Terrified, Sasha hides in the washroom only to learn that a fellow classmate has seen him commit the offense. It turns out this classmate, Vovka Sobakin, whose father was executed as a traitor. When Sasha and Vovka return to their class, the teacher attempts to learn who committed the offense by ordering the students to write who they think might be implicated. This of course terrifies the students who have no idea who broke the statue. The teacher warns them that if they do not implicate someone, they themselves will be implicated, setting before them an impossible situation. Sasha watches as students are forced to choose between self preservation and doing what it right. Within the span of two days, he goes from being unquestionably devoted to the Communist ideals to realizing that they are non-existent. He no longer wants to be a Young Pioneer.
Yelchin portrays the paranoia of 1950's Soviet Union and the Great Terror that comprised Joseph Stalin's dictatorship through the eyes of a ten year old boy. His pencil drawings help portray some of the main themes this short novel touches on.

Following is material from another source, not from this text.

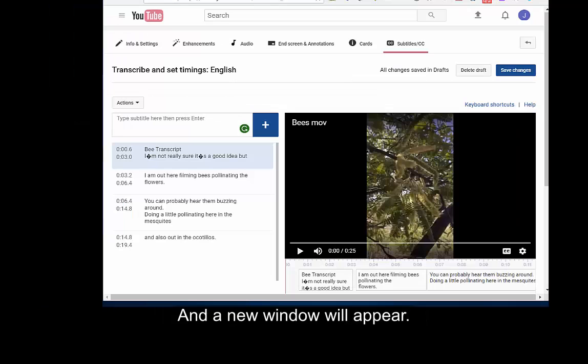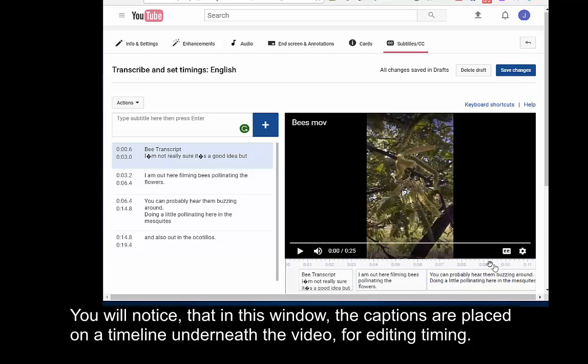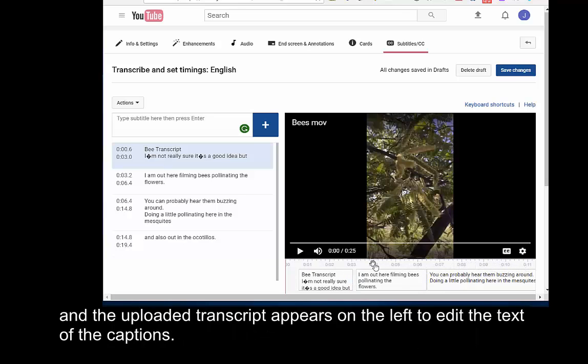And a new window will appear. You will notice that in this window the captions are placed on a timeline underneath the video for editing the timing, and the uploaded transcript appears on the left to edit the text of the captions.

Breaking Stalin's Nose provides young readers some idea of what it is like to live under a totalitarian government, where individual freedoms do not matter and devotion to the state is paramount, but that even that might not be enough. Sasha lives in a country in which even children can be killed for the most innocent mistakes, where people are too afraid to speak the truth because it will lead to imprisonment or death, and where paranoia and fear rule every aspect of life. Readers, through Sasha, will be asked to consider the use of propaganda, the role of social responsibility and the functioning of a justice system which uses guilt by association as a means of controlling people.
The author, Eugene Yelchin grew up in the Soviet Union in the 1960's. His father survived the Great Terror and was a devoted Communist Party member. Yelchin left his homeland and now resides in the United States.